**WHAT THE TASK ASKS**
Verbatim copy, images excluded: write out each record shown below.

Start of TASK INPUT

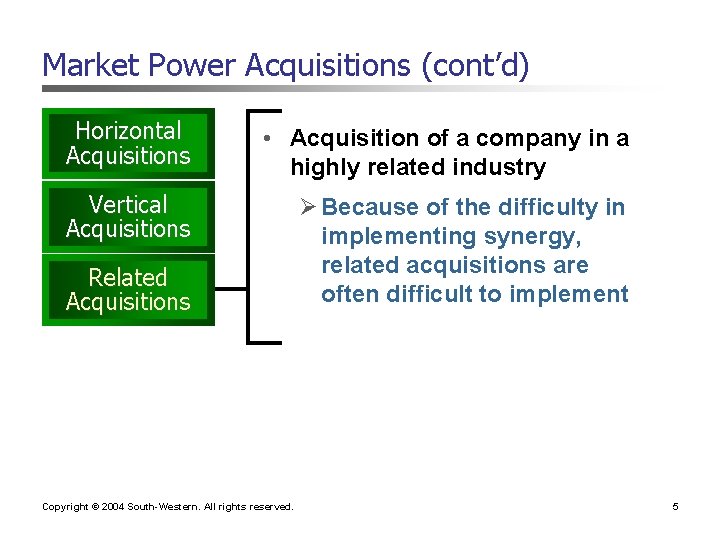 Market Power Acquisitions (cont’d) Horizontal Acquisitions • Acquisition of a company in a highly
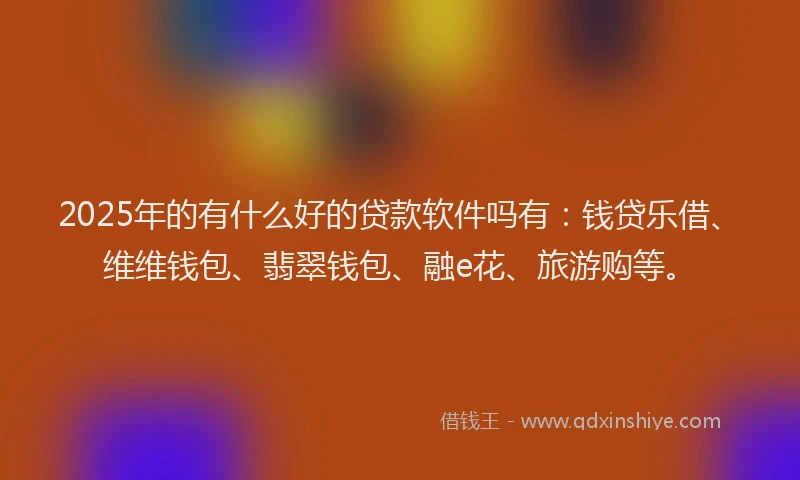 2025年的有什么好的贷款软件吗有：钱贷乐借、维维钱包、翡翠钱包、融e花、旅游购等。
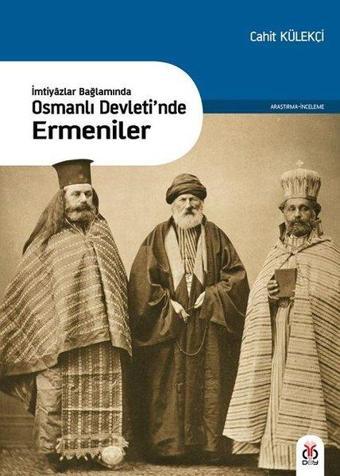 Osmanlı Devletinde Ermeniler - Cahit Külekçi - DBY Yayınları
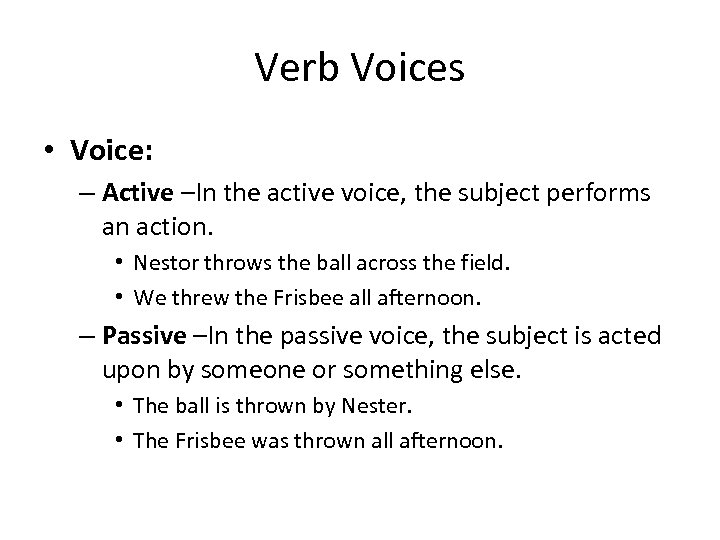 Verb Voices • Voice: – Active –In the active voice, the subject performs an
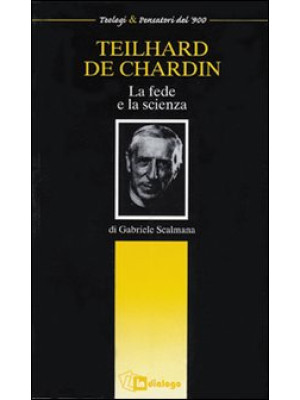 Teilhard de Chardin. La fed...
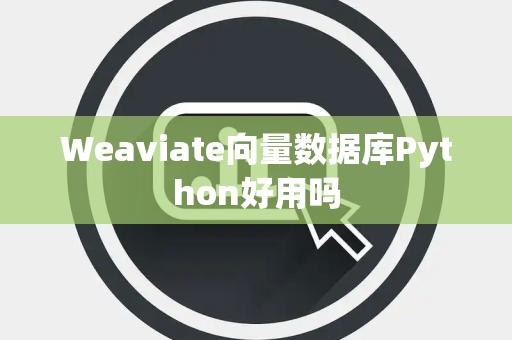 Weaviate向量数据库Python好用吗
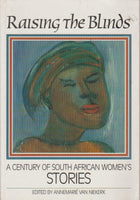 Raising the Blinds: A Century of South African Women's Stories - Annemarie Van Niekerk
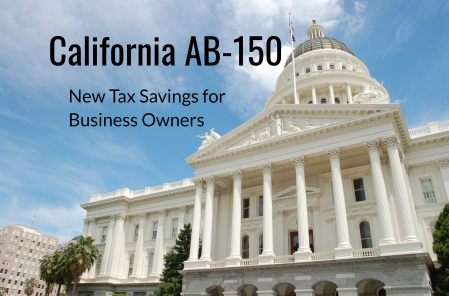 New SALT Cap Workaround (AB 150) May Provide Tax Savings for You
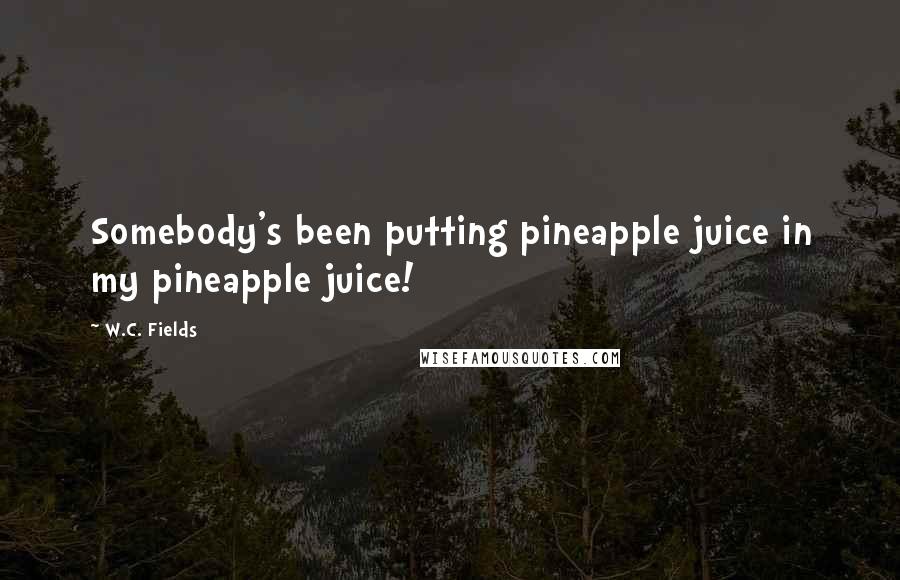 W.C. Fields Quotes: Somebody's been putting pineapple juice in my pineapple juice!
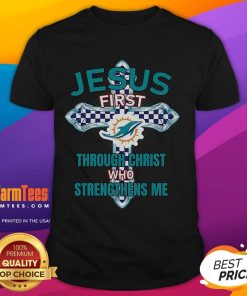 Good Miami Dolphins Jesus T-Shirt featuring 'First Through Christ Who Strengthens Me' design for fans and believers.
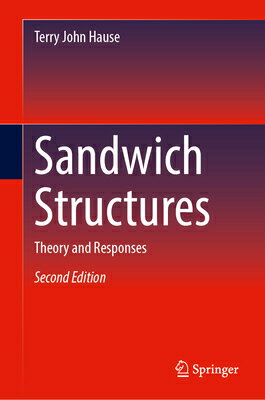 Sandwich Structures: Theory and Responses SANDWICH STRUCTURES SECOND 202 [ Terry John Hause ]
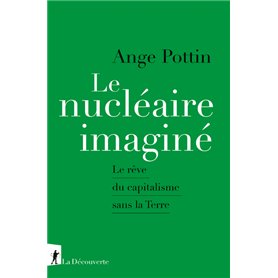 Le nucléaire imaginé - Le rêve du capitalisme sans la Terre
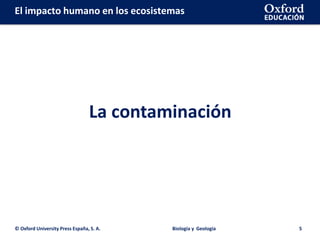 © Oxford University Press España, S. A. Biología y Geología 5
La contaminación
El impacto humano en los ecosistemas
 
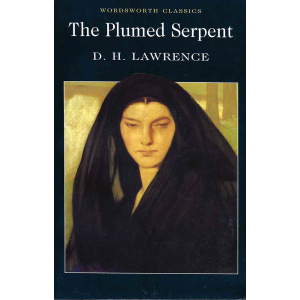 D. H. Lawrence | The Plumed Serpent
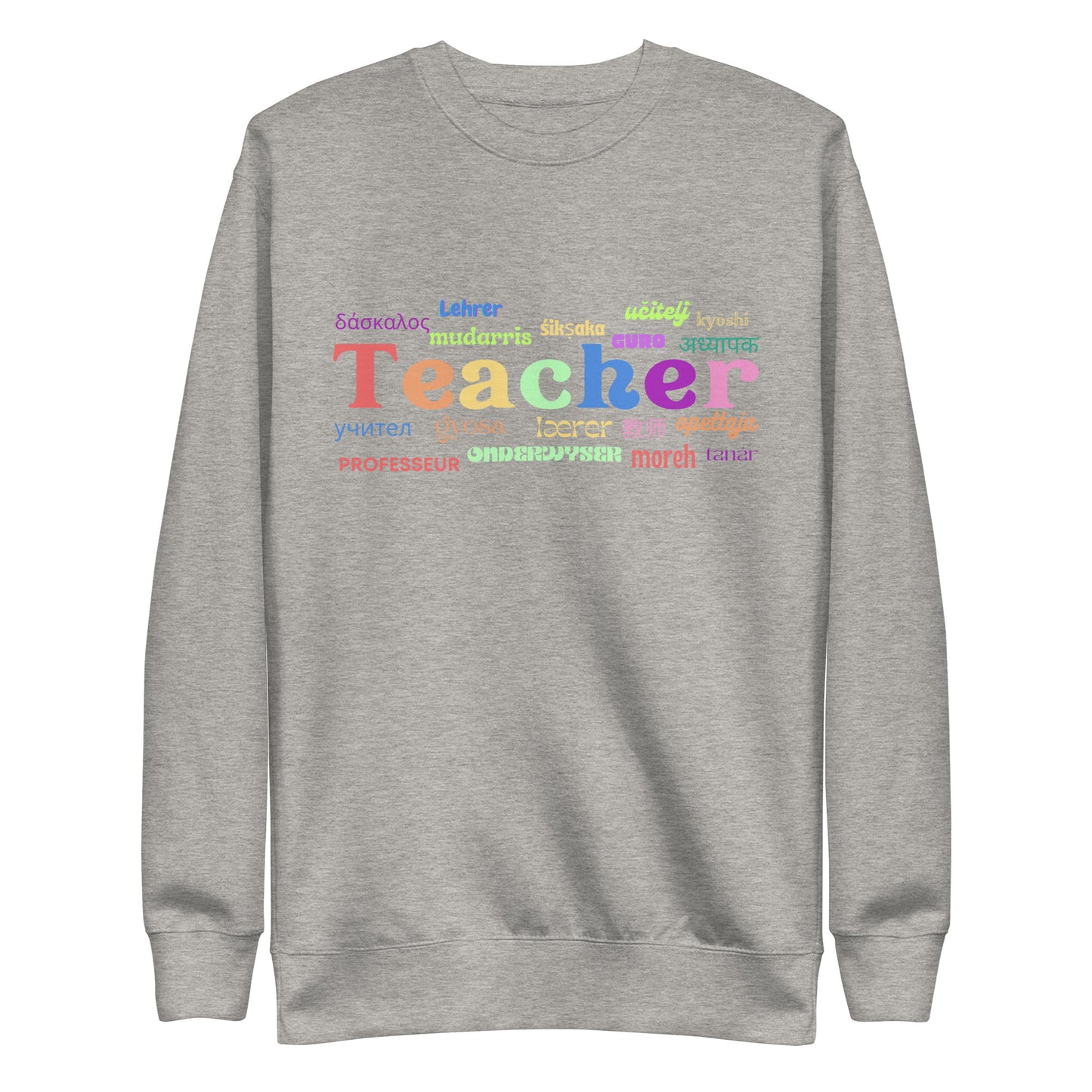 Teacher in many languages unisex premium sweatshirt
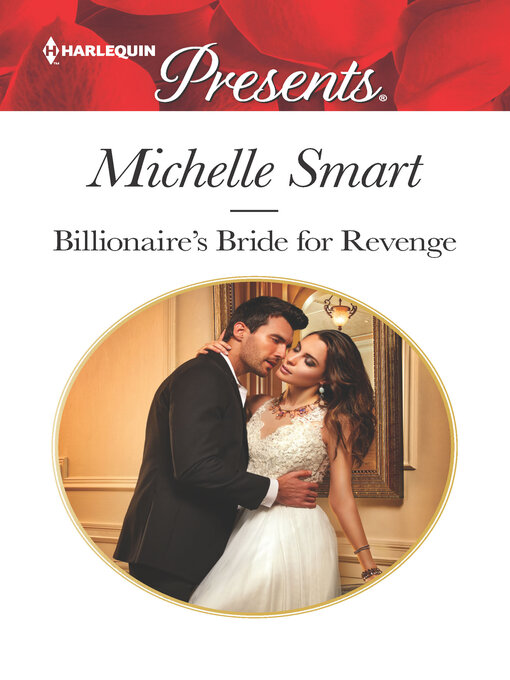 Title details for Billionaire's Bride For Revenge by Michelle Smart - Available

End of TASK INPUT

**WRITTEN REPLY**
 Market Power Acquisitions (cont’d) Horizontal Acquisitions • Acquisition of a company in a highly
 2025年的有什么好的贷款软件吗有：钱贷乐借、维维钱包、翡翠钱包、融e花、旅游购等。
 Osmanlı Devletinde Ermeniler - Cahit Külekçi - DBY Yayınları
 Verb Voices • Voice: – Active –In the active voice, the subject performs an
 Teilhard de Chardin. La fed...
 Weaviate向量数据库Python好用吗
 Raising the Blinds: A Century of South African Women's Stories - Annemarie Van Niekerk
 New SALT Cap Workaround (AB 150) May Provide Tax Savings for You
 W.C. Fields Quotes: Somebody's been putting pineapple juice in my pineapple juice!
 Good Miami Dolphins Jesus T-Shirt featuring 'First Through Christ Who Strengthens Me' design for fans and believers.
 Sandwich Structures: Theory and Responses SANDWICH STRUCTURES SECOND 202 [ Terry John Hause ]
 Le nucléaire imaginé - Le rêve du capitalisme sans la Terre
 © Oxford University Press España, S. A. Biología y Geología 5
La contaminación
El impacto humano en los ecosistemas
 
 D. H. Lawrence | The Plumed Serpent
 Teacher in many languages unisex premium sweatshirt
 Title details for Billionaire's Bride For Revenge by Michelle Smart - Available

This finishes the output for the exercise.